*Goal of the exercise*. From the first line onward, reproduce the records exactly; the final line to include is the one holding "Calders Crescent, Parson Green, Sheffield".

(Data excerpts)
******
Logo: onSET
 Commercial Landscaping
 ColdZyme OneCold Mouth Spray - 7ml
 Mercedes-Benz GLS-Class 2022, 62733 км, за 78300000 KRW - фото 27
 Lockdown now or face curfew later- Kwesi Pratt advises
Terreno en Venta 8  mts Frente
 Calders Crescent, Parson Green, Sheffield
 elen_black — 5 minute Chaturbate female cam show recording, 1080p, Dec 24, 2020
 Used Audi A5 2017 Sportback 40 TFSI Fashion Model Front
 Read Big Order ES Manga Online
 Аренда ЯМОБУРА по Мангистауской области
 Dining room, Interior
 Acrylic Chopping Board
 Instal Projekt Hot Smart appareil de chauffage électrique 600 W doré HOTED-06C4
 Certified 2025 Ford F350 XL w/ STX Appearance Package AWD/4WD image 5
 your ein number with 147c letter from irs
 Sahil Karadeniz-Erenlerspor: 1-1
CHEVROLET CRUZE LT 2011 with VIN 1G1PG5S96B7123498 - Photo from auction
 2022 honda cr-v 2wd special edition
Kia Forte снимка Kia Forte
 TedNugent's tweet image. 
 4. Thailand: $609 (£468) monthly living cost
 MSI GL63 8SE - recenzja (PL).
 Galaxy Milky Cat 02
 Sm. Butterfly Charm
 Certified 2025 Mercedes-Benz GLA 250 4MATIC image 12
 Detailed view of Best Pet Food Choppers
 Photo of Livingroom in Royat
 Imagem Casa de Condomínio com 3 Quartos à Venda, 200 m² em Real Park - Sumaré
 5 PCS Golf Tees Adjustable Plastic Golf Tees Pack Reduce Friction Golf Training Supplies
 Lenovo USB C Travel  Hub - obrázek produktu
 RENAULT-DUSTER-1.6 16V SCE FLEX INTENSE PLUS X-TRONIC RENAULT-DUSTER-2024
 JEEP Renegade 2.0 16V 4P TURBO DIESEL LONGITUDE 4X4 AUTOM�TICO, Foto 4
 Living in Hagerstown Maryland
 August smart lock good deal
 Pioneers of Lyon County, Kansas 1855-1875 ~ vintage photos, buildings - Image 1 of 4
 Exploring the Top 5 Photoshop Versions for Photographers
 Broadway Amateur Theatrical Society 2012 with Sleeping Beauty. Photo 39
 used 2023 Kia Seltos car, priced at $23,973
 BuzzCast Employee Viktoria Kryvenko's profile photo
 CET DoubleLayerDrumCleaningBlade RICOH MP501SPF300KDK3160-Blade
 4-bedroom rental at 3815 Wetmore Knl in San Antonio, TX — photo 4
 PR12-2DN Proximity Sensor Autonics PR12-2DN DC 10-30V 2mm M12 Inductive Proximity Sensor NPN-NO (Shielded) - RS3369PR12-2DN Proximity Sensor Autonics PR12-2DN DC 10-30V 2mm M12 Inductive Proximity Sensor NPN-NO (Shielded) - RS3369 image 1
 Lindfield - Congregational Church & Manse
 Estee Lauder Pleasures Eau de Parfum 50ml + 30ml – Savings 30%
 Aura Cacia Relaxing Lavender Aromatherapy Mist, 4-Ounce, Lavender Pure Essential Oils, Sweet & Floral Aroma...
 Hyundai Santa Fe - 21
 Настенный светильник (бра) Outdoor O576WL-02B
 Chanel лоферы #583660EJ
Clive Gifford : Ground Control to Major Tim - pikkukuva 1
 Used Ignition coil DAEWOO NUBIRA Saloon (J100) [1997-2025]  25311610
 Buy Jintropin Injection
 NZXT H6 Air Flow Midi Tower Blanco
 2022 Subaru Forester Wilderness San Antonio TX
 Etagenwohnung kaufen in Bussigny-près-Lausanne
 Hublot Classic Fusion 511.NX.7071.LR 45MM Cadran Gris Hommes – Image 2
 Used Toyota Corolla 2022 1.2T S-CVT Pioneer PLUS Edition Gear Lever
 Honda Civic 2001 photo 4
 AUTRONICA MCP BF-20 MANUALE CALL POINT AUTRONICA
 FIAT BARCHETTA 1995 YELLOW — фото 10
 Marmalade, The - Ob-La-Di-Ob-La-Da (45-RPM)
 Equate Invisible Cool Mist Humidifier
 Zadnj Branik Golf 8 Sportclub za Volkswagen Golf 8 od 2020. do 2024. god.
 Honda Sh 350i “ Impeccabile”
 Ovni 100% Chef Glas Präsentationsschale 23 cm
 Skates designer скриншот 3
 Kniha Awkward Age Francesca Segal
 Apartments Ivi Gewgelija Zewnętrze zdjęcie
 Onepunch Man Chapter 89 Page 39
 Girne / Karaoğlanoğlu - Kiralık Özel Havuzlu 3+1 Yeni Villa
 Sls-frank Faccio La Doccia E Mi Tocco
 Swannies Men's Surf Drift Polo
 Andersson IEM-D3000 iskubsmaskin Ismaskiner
******
*Solution*.
Logo: onSET
 Commercial Landscaping
 ColdZyme OneCold Mouth Spray - 7ml
 Mercedes-Benz GLS-Class 2022, 62733 км, за 78300000 KRW - фото 27
 Lockdown now or face curfew later- Kwesi Pratt advises
Terreno en Venta 8  mts Frente
 Calders Crescent, Parson Green, Sheffield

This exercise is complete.